I'm not sure I liked the book entirely.  It lacks a kind of sentimentality and closure that pleases me, like ATONEMENT or MIDDLESEX or even Powers' previous book, THE TIME OF OUR SINGING.  That had a nice Rosebud-style wrap-up.  This one?  Not so much.  The mystery story concludes all right, but I wouldn't say it does so neatly. The details of the mystery, the things the characters were trying to discover -- the car crash, its mysterious causes, the disturbing anonymous note, the allure of the attending nurse -- are all red herrings, in a way.  Powers is after a bigger mystery than one man's strange psychological breakdown.
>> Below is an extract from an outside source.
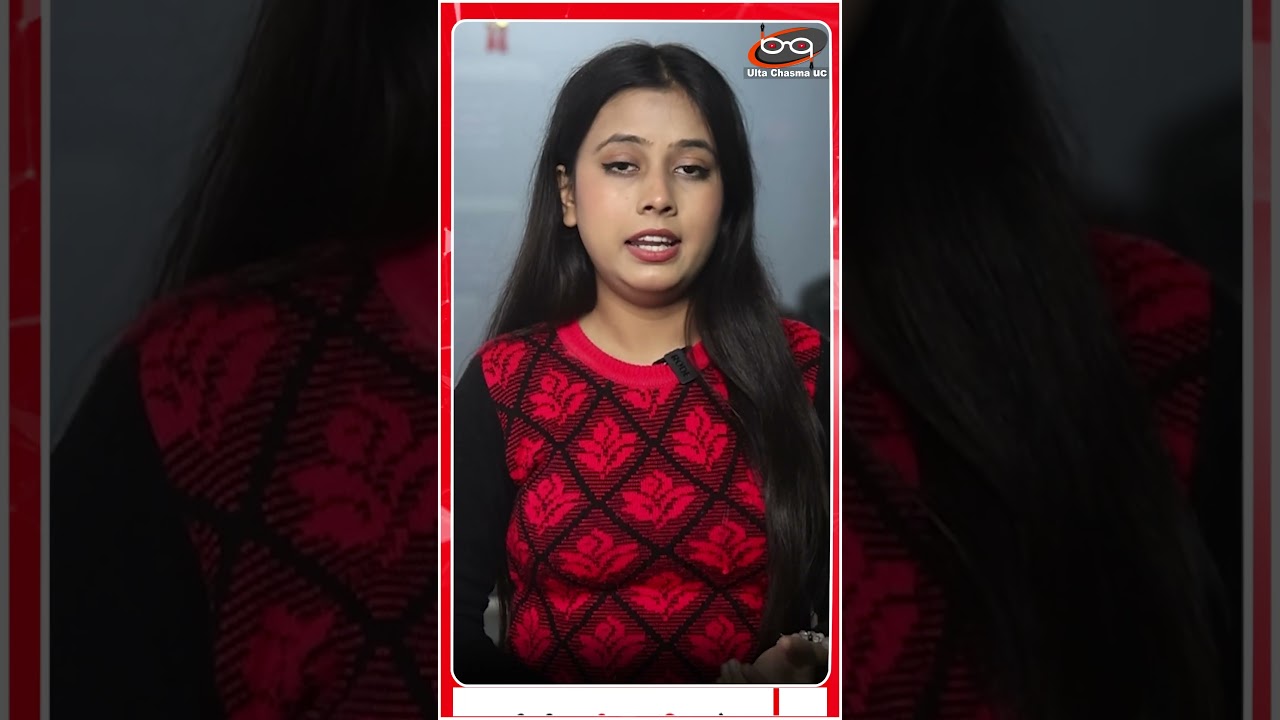 नाम में शंकर,तिलक लगाने वाली अफगानी मॉडल?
He's probing the mystery of identity itself and concluding that, as Jimi Hendrix so aptly sang, "Awwww, there's ain't no life nowhere."  Including that of the doctor.  Including that of the author.  Including that of the reader.  I liked the conceit of referring to an organizing principle in the universe, aka God, as The Tour Director.

Now I see, even as I'm writing this, below my typing, is the the phase I plucked out of the book to be a signature line on my email.  I believe it is well chosen, encapsulating the book, a book that rather defies that effort of encapsulation.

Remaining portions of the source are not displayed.